What you should do
Each record that follows is to be transcribed exactly, excluding its images.

Records provided
___

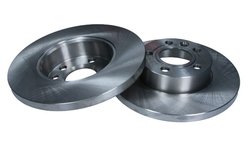 DISC FRANA MAXGEAR 19-0990 - Compatibil cu VW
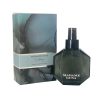 Destination Room Spray - Santorini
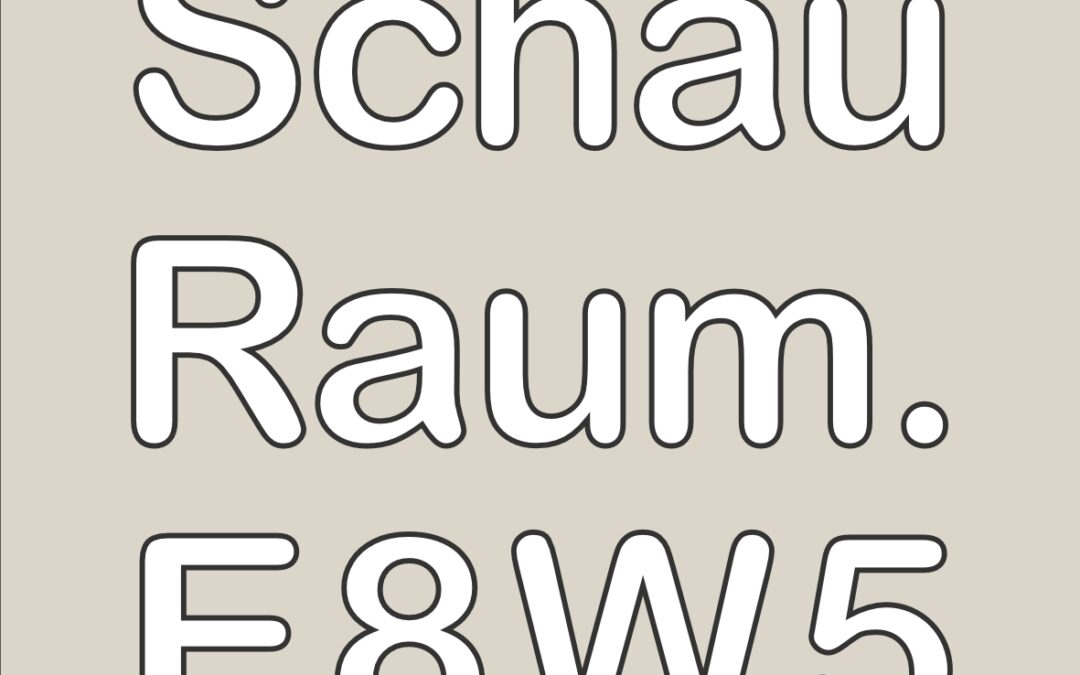 Gerhard Fassel & Friends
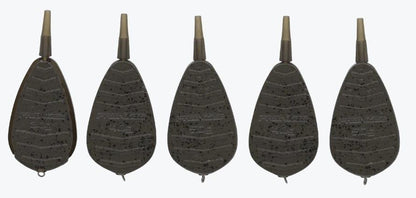 Frenzee FXT Inline Method Feeders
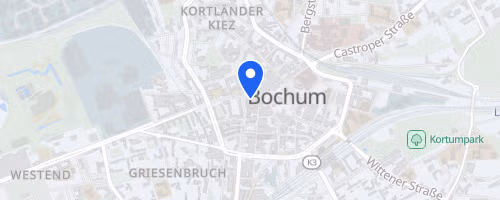 Stadtwerke Halbmarathon Bochum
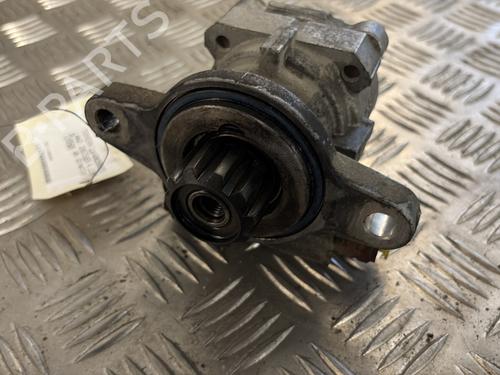 Steering pump TOYOTA LAND CRUISER PRADO (_J12_) 3.0 D-4D (KDJ120, KDJ125) | BP29497791M99 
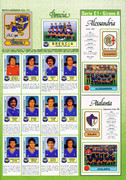 Calciatori-1981-1982-Panini-41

___

Solution for this task
 DISC FRANA MAXGEAR 19-0990 - Compatibil cu VW
 Destination Room Spray - Santorini
 Gerhard Fassel & Friends
 Frenzee FXT Inline Method Feeders
 Stadtwerke Halbmarathon Bochum
 Steering pump TOYOTA LAND CRUISER PRADO (_J12_) 3.0 D-4D (KDJ120, KDJ125) | BP29497791M99 
 Calciatori-1981-1982-Panini-41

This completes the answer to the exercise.